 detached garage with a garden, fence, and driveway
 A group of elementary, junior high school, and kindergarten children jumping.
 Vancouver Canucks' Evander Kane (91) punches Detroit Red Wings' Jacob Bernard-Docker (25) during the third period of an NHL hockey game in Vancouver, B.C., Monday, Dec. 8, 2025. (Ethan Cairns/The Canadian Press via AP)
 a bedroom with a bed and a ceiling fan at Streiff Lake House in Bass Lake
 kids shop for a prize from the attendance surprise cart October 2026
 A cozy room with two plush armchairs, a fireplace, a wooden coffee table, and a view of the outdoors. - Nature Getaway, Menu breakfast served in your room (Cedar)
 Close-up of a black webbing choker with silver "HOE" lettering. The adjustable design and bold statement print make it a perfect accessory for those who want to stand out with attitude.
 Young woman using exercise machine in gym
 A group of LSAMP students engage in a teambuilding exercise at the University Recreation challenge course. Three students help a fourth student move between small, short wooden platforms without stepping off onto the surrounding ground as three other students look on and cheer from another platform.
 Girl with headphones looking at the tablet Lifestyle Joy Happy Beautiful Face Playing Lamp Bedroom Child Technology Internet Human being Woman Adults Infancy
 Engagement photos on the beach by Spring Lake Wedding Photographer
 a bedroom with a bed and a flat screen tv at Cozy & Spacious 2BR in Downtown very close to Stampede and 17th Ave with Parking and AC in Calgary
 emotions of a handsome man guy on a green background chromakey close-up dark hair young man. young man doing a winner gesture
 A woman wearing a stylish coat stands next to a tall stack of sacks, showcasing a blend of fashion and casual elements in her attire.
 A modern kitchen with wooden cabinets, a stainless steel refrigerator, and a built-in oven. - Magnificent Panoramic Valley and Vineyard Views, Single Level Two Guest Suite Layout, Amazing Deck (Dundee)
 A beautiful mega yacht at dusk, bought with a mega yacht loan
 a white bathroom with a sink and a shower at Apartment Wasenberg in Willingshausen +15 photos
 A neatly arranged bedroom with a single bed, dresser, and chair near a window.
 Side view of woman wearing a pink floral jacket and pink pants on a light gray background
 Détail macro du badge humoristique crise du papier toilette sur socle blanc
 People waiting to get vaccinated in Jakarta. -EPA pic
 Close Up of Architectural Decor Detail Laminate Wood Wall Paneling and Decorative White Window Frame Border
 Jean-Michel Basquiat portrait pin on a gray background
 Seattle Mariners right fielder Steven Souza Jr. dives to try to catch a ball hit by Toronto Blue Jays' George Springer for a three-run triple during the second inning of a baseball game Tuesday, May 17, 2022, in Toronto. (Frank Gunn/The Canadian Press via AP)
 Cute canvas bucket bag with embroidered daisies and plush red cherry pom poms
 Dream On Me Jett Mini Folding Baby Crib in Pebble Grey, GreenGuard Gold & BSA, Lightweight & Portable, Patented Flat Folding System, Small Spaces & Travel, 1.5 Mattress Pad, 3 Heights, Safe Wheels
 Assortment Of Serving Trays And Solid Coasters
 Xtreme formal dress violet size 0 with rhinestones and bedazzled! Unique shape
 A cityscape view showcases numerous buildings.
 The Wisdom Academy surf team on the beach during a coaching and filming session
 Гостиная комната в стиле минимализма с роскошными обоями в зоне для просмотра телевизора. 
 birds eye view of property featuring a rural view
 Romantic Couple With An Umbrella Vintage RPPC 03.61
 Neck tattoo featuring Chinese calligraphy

———

Among the records above, a stretch begins at the line containing "Close-up of a" and ends at the line containing "Young woman using exercise machine in gym". Restate that stretch word for word, and nothing else.

 Close-up of a black webbing choker with silver "HOE" lettering. The adjustable design and bold statement print make it a perfect accessory for those who want to stand out with attitude.
 Young woman using exercise machine in gym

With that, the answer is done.